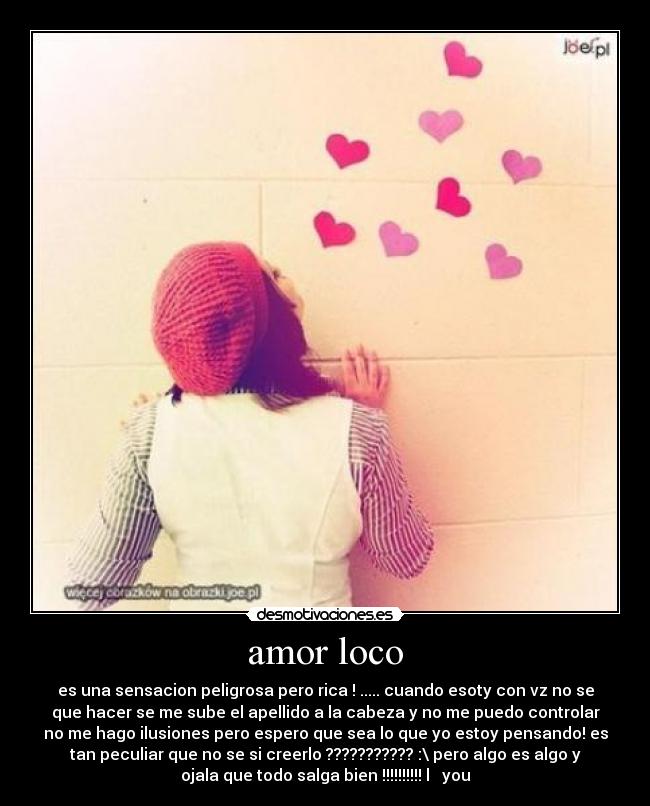 amor loco - es una sensacion peligrosa pero rica ! ..... cuando esoty con vz no se
que hacer se me sube el apellido a la cabeza y no me puedo controlar
no me hago ilusiones pero espero que sea lo que yo estoy pensando! es
tan peculiar que no se si creerlo ??????????? :\ pero algo es algo y
ojala que todo salga bien !!!!!!!!!! l ♥ you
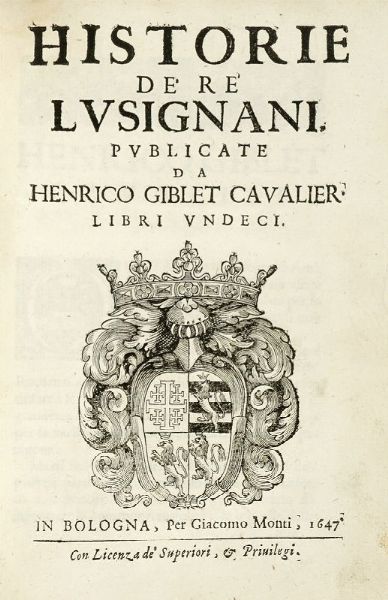 GIOVANNI FRANCESCO LOREDANO : Historie de' re' Lusignani [...] Libri undeci.  - Asta Libri, autografi e manoscritti - Associazione Nazionale - Case d'Asta italiane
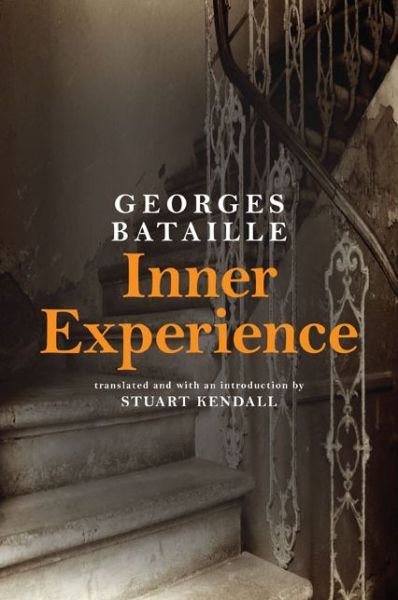 Cover for Georges Bataille · Inner Experience - SUNY series, Intersections: Philosophy and Critical Theory (Paperback Bog) (2014)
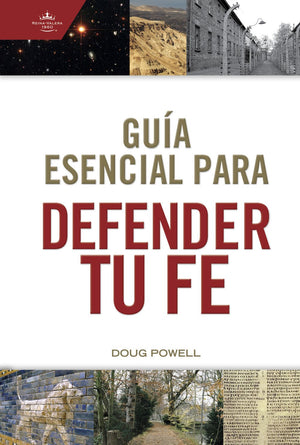 Guia esencial para defender tu fe / SPA Ultimate guide to defend your faith (Spanish Edition)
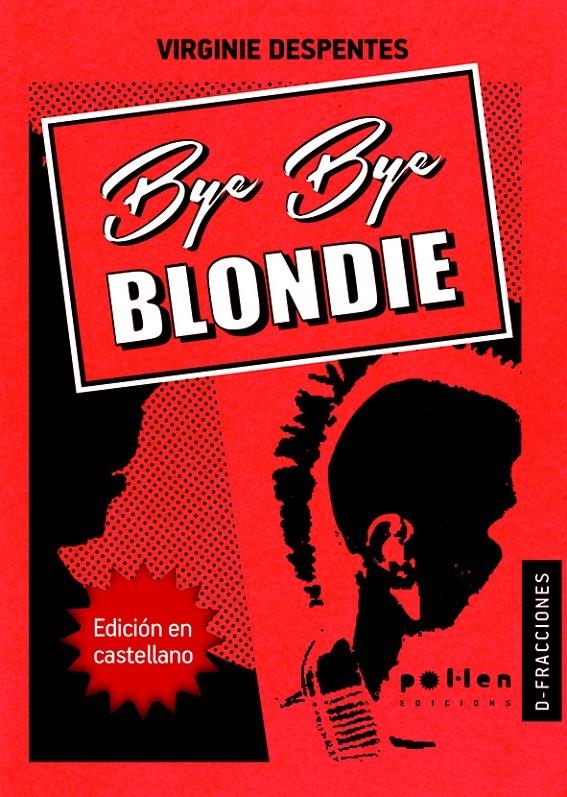 Bye Bye Blondie | Despentes, Virginie | Cooperativa autogestionària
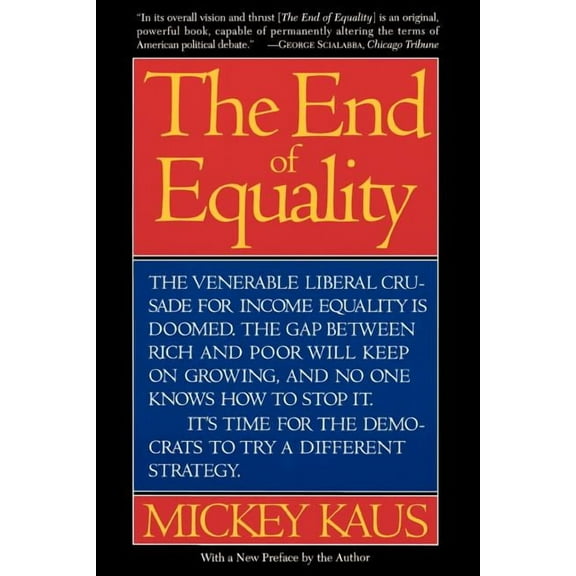 End of Equality, (Paperback)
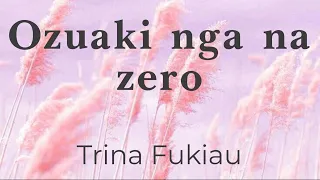 Ozuaki nga na zero - Trina Fukiau (lyrics/parole/songtext)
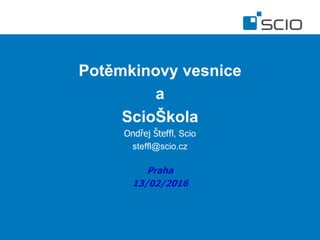 Potěmkinovy vesnice
a
ScioŠkola
Ondřej Šteffl, Scio
steffl@scio.cz
Praha
13/02/2016
 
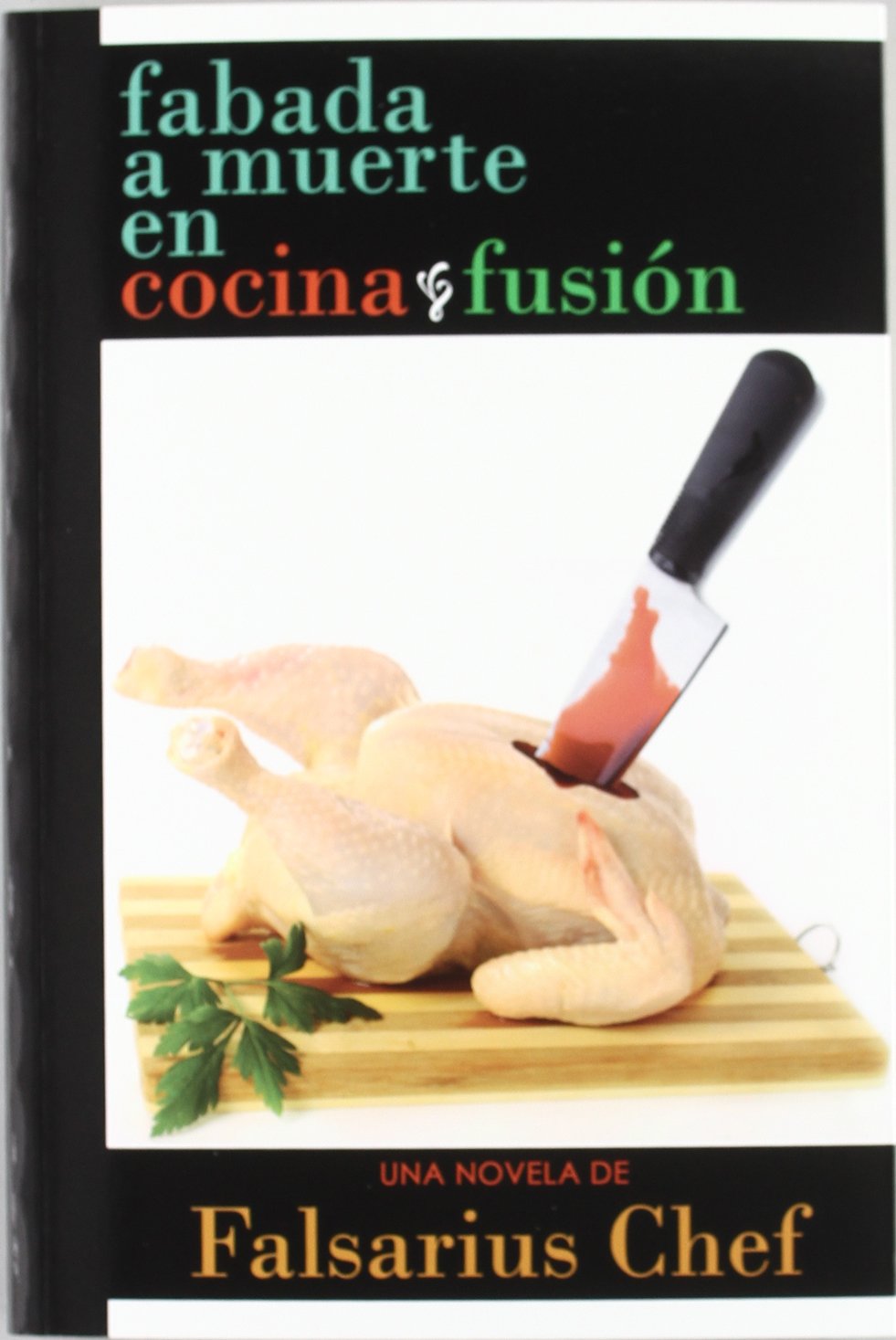 Fabada a muerte en cocina fusión book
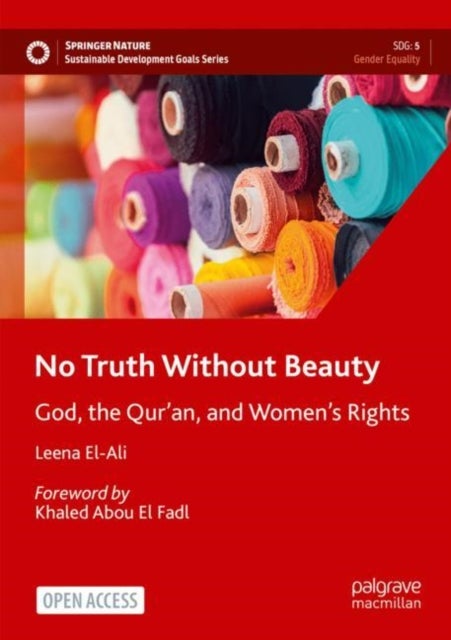 No Truth Without Beauty - God, the Qur’an, and Women's Rights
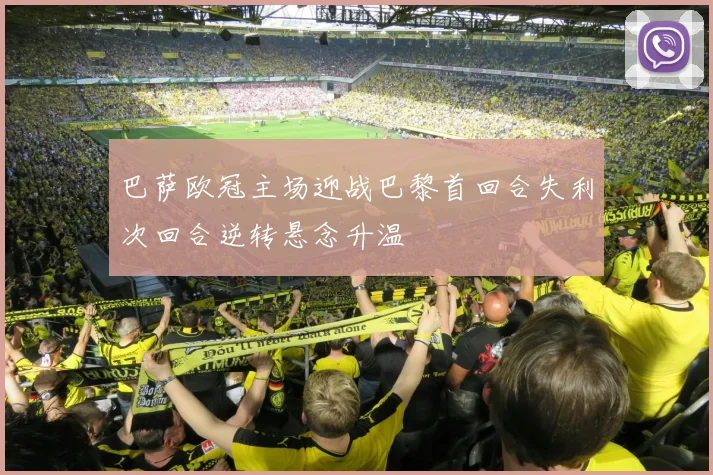 巴萨欧冠主场迎战巴黎首回合失利次回合逆转悬念升温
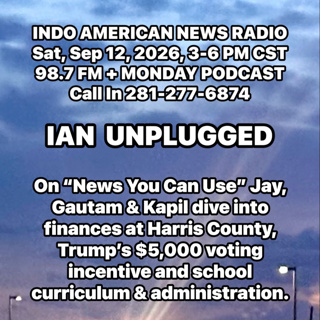 IAN Unplugged 2637 091226 On News You Can Use, Jay, Gautam & Kapil talk about Harris County Finances, Trumps $5,000 incentive, School Curriculum Changes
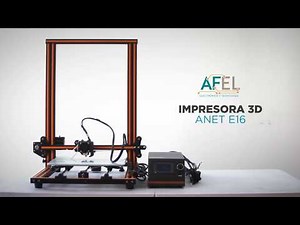 IMPRESORA 3D ANET E16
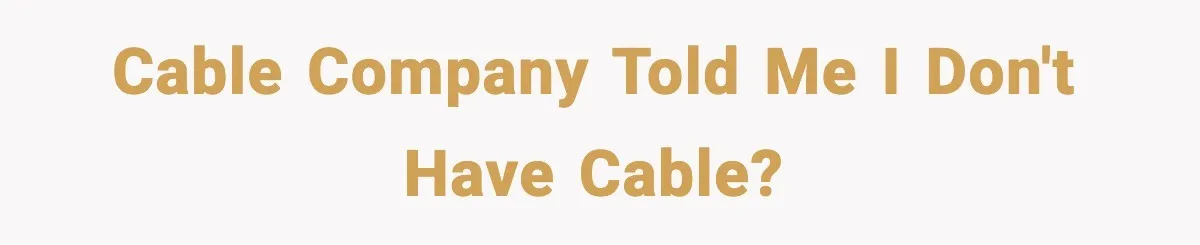 Cable company told me I don't have cable?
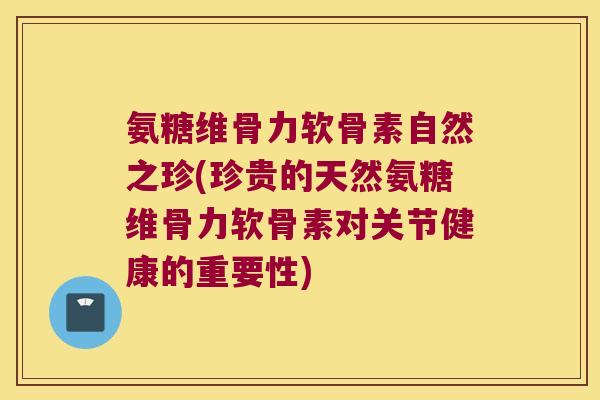 氨糖维骨力软骨素自然之珍(珍贵的天然氨糖维骨力软骨素对关节健康的重要性)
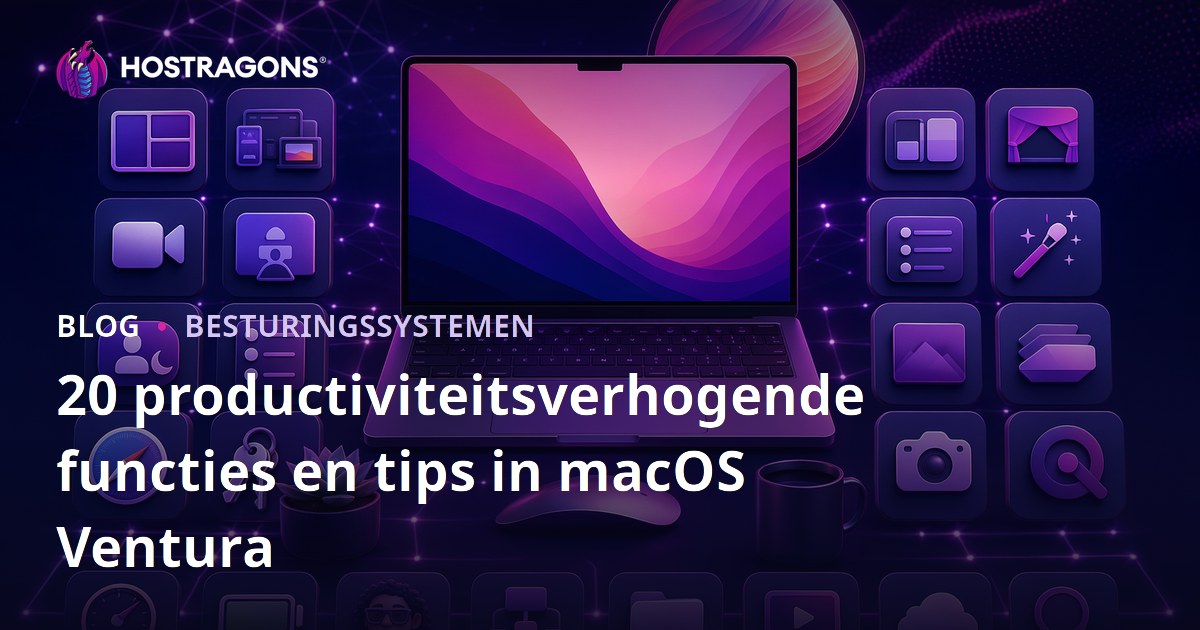 20 productiviteitsverhogende functies en tips in macOS Ventura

- - - -

▸ Assigned task: Everything from the first line of the entries above through the line with "tan peculiar que" should be duplicated exactly, except the pictures.

▸ Exercise result:
 amor loco - es una sensacion peligrosa pero rica ! ..... cuando esoty con vz no se
que hacer se me sube el apellido a la cabeza y no me puedo controlar
no me hago ilusiones pero espero que sea lo que yo estoy pensando! es
tan peculiar que no se si creerlo ??????????? :\ pero algo es algo y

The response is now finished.